The Truth About Hack Schools - luu
http://www.fastcompany.com/3023456/become-an-ios-developer-in-8-weeks-the-truth-about-hack-schools
======
gregjor
I'm all for anyone who wants to learn programming to get that opportunity, and
I support non-traditional education as long as it's not a scam. But these hack
schools and boot camps just can't be graduating significant numbers of
developers ready to do real work, unless I'm missing something.

I learned how to program in the mid-1970s. I was in high school so I had no
bills, no kids, and lots of spare time. My grandparents bought a terminal and
dial-up modem for me so I had access to timesharing systems from my room. I
had two mentors available who both worked as programmers. I read every book I
could find, read and wrote code every day for three years, learned every
language I could find a compiler or interpreter for. When I eventually got a
job as a programmer I was a junior making decent but not great money. I still
had a lot to learn at that time.

Programming was much simpler back then. The languages and tools were an order
of magnitude (at least) less complicated than today. Getting a terminal and
text-based application to work is a lot easier than developing a web
application or mobile app today. I've been able to gradually add skills over
the years as new technology comes out; I can't imagine how long it would take
to get productive with software development today.

Maybe the bootcampers and hackers are a lot smarter than I was, but I doubt
they are that much smarter, or more motivated, or have more free time and
energy.
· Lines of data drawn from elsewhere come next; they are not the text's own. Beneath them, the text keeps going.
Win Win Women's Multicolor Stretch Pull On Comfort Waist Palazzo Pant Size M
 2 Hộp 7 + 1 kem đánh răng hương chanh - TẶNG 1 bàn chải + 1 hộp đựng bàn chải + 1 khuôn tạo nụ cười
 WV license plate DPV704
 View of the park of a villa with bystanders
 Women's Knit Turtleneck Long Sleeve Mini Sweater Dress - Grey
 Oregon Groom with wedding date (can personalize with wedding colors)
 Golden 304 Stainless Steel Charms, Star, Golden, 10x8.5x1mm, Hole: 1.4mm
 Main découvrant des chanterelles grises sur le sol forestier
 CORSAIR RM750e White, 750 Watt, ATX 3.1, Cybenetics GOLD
I can't see how anyone who doesn't already have years of programming
experience is going to spend a few weeks or months in even intense courses and
come out ready to develop something more serious than a Rails tutorial-level
to-do list app.

If anyone has personal experience with these hack schools and boot camps and
can explain how they can cram so much information and experience into such a
short time I'm interested in how that works.